Before finally pushing on up toward the proximity of Angkor, you’ll definitely want to pay at least a quick visit to Kompong Luong, a town that floats permanently atop the TonlÃ?© Sap on boat-based foundations – its schools, houses, restaurants and music halls rising and falling with the tide. Not unlike the Vietnamese Floating Village on the lake’s northward stretch, there’s nowhere to stay and not too much to do. Visiting is strictly a matter of getting to survey its on-the-water atmosphere; preferably while using the lip of an ice-cold beer as your sextant.

All the above will be fascinating and enlightening sights to be sure. But if you’ve made the somewhat less than completely safe trip into Cambodia’s hinterland, you’ve come to see the once-forgotten glories of Angkor Wat, built between the 9th and 13th centuries at the peak of an ancient Khmer Empire that stretched from what is today the Bay of Bengal in the west through Vietnam to the east and right up into the heart of Yunnan in China. Following the rapid fall of the empire that once called the place home, nature took its course and engulfed much of the sacred complex. Even today much of the area remains concealed by a dense tropical forest which has in some ways both taken its toll on the temples and served to enhance their natural beauty. Mouhot himself once observed that: “. . . an exuberant vegetation has overgrown everything, galleries and towers, so that it is difficult to force passage. The crowning glory of towering silk-cotton and fig trees straddles the walls of the temples, spreading their roots in a vice-like grip on the stones.” That remains as true today as when it was written.

Made up of well over a hundred temples, perhaps the greatest shock awaiting Angkor’s visitors is the sheer size of the complex that spreads out into the thicket of jungle surrounding Siem Reap.But three of these, the magnificent temples of Angkor Wat, Bayon, and Ta Prohm, clearly surpass all the others in their beauty and so are musts-sees for any traveler. Considered by many to be one of the greatest monuments ever constructed by man, Angkor Wat, like Great Pyramids or the Taj Mahal, simply awes its visitors with the sheer grandeur of its five soaring towers and exquisite bas reliefs.

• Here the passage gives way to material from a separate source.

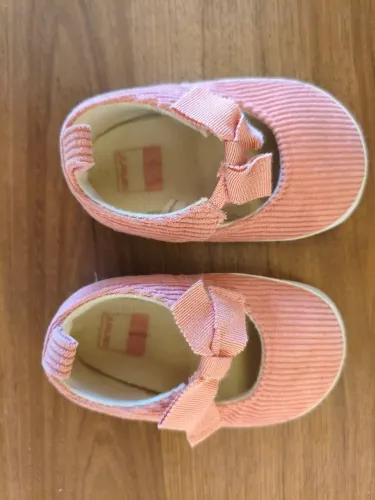 Sapato infantil da marca Carter's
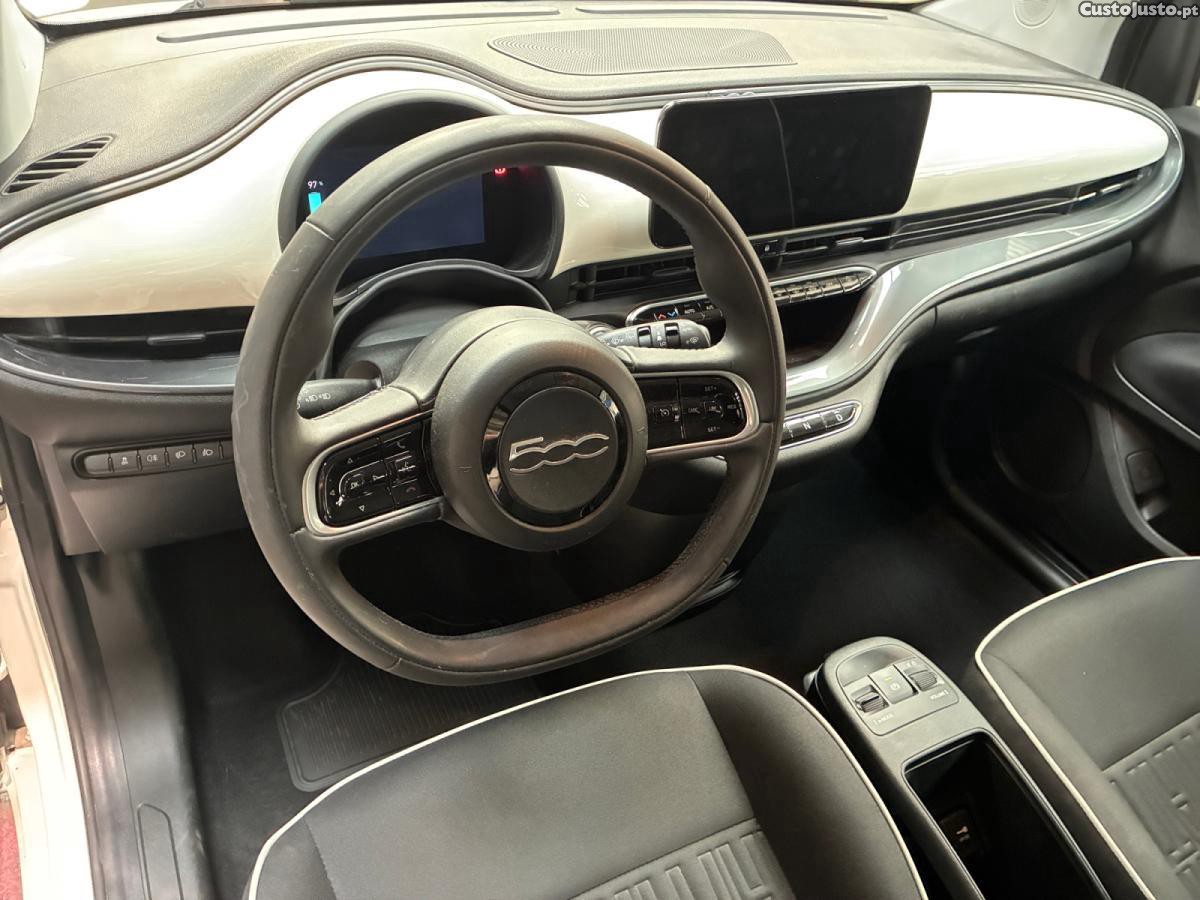 Fiat 500 e 23,8 kWh — fotografia 6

By way of comparison, Bayon seems far more intimate, and from a distance it appears to more of a mess of decrepit ancient rocks than anything else. But as you near, Bayon gradually takes the shape that’s made it famous – fifty-four enormous faces representing the Bodhisattva Avalokitesvara stare down at visitors from seemingly everywhere. There is a definite other-worldly air to Bayon, each path revealing yet another gigantic disdainful stare from the ancient god, as P. Jennerat de Beerski wrote of the site in the 1920’s, “. . . with slightly curving lips, eyes placed in shadow by the lowered lids utter not a word and yet force you to guess much.”

At Ta Promh, where the ruins have deliberately been only scarcely restored, the truly awesome power of the surrounding rainforest can best be seen. Gluttonous root-systems thrust themselves up out of the black-earth to tear massive sections of the temple’s ancient walls apart. Its massive stones lie scattered about like a child’s building blocks, leaving only narrow corridors and passageways and a distinct feeling of discovery that, unlike any of the other Angkor temples brings one closest to replicating the lost and hidden atmosphere that must surely have greeted Henri Mouhot over a hundred and fifty years ago.

Head out in November, December or January. November if you’d like to catch the country’s most impressive festival Bon Om Tuk, held early in that month. December or January if you’d prefer drier weather, cooler temperatures and a bearable level of humidity that won’t remind you of any of Oliver Stone’s films. But in either case, as P. Jennerat de Beerski wrote, “Go to Angkor My Friend, to its ruins and to its dreams.”